Ces thèses, ces frontispices et tous ces dessins de librairie, n’étaient pour Lesueur que des passe-temps plus ou moins lucratifs mais il s’occupait en même temps à peindre un assez grand nombre de tableaux. C’est vers cette époque qu’il doit avoir exécuté presque tous ceux qui depuis sont passés en Angleterre, dans les galeries de lord Houghton, de lord Besborough, et dans la collection du duc de Devonshire[1], car c’est dans ces tableaux qu’on remarque la trace la plus visible des conseils encore récens de Poussin.

Mais bientôt il devait entreprendre la plus grande œuvre de sa vie.
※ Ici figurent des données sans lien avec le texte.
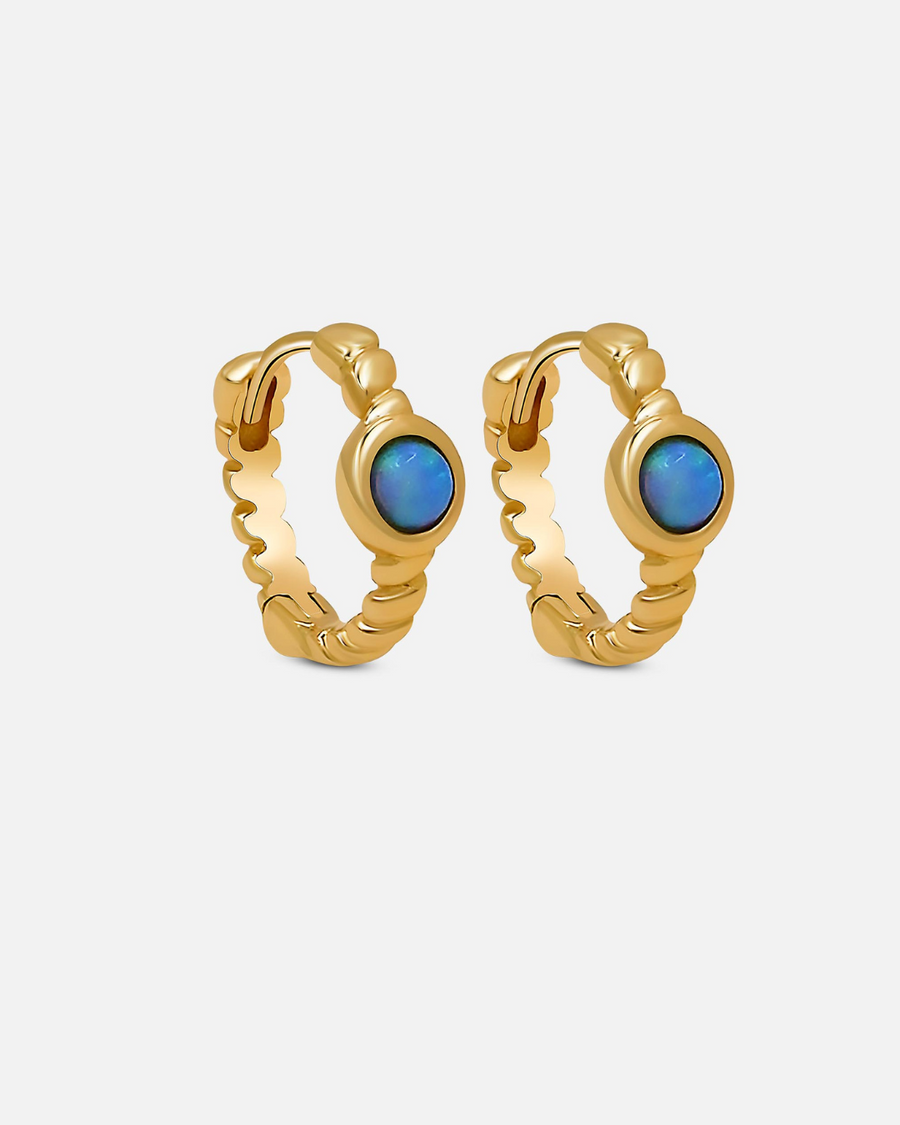 ARDEN hoops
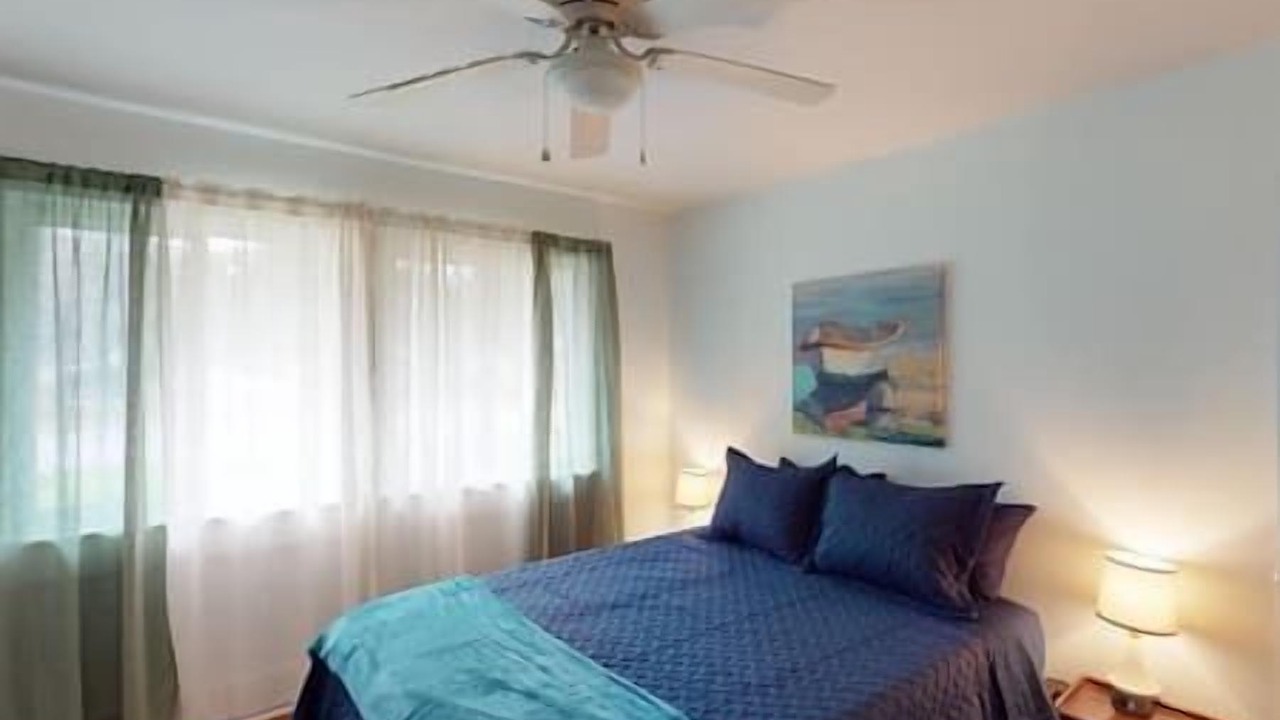 Photo of Bedroom in Mossy Oaks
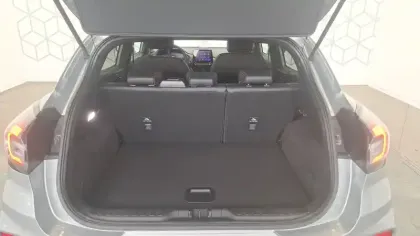 Photo 14 Ford Puma  1.0 EcoBoost 155 ch mHEV S&S BVM6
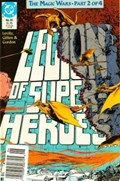 LEGION OF SUPER-HEROES #61B 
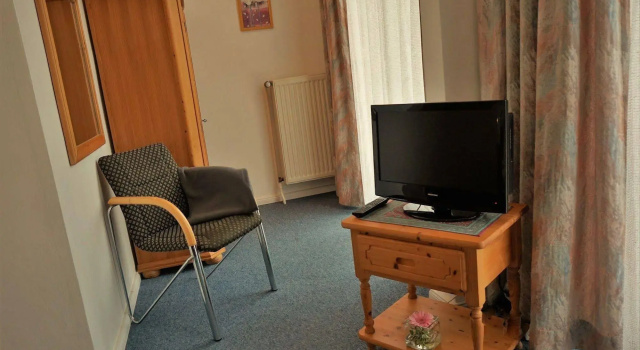 Hotel Holsteinische Schweiz am Dieksee, Забронировать Отель Отели земли Шлезвиг-Гольштейн 3 звезды, 3*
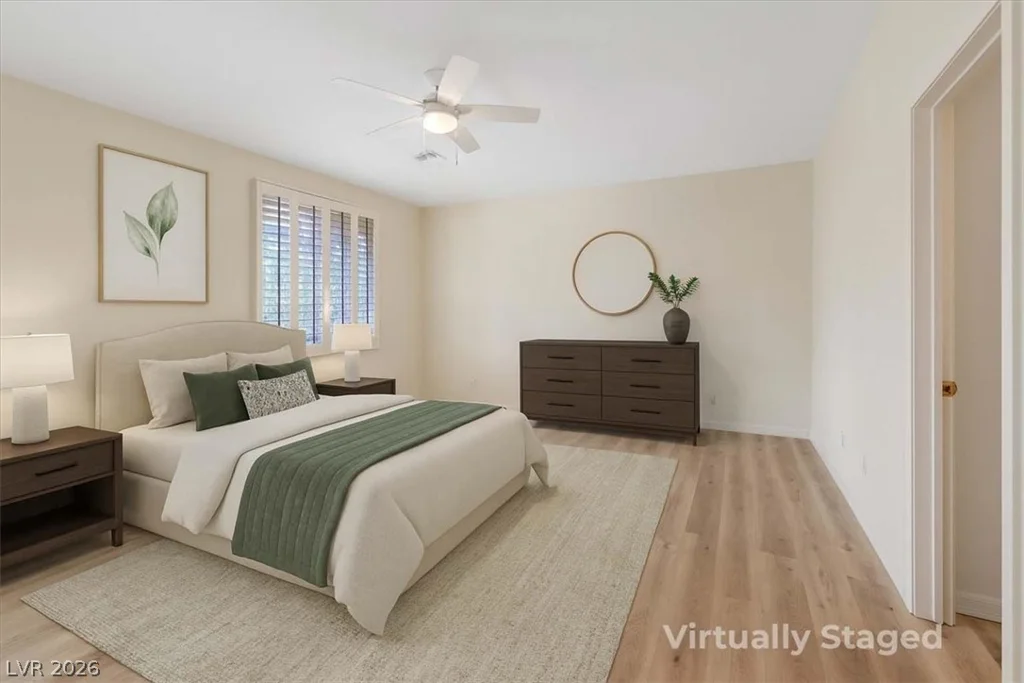 805 Dana Hills, Las Vegas, NV 89134
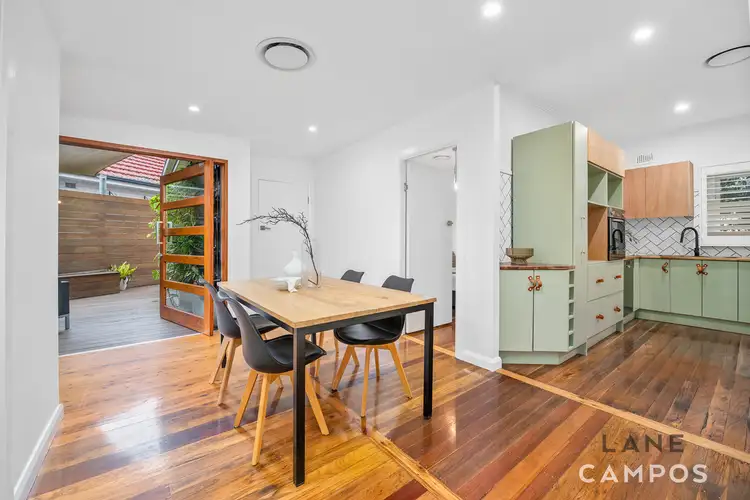 Fifth view of Homely house listing, 11 Sharpe Street, Mayfield NSW 2304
Ses habitudes de piété l’avaient depuis assez long-temp mis en rapport avec le prieur des chartreux : celui-ci faisait restaurer le petit cloître de son couvent, qui, dès l’an 1350, avait été peint à fresque, et dont on avait déjà renouvelé les peintures une première fois en 1508. Les nouvelles réparations exigeaient ou qu’on blanchît les murailles ou qu’on les peignit de nouveau. Il fut décidé qu’on devait les peindre, et ce fut à Lesueur qu’on en confia le soin.

  1. Le Moïse abandonné sur les eaux, l’Agar chassée par Abraham, la Nuit des Noces de Tobie, la Reine de Saba devant Salomon, plusieurs Saintes Familles, etc., etc.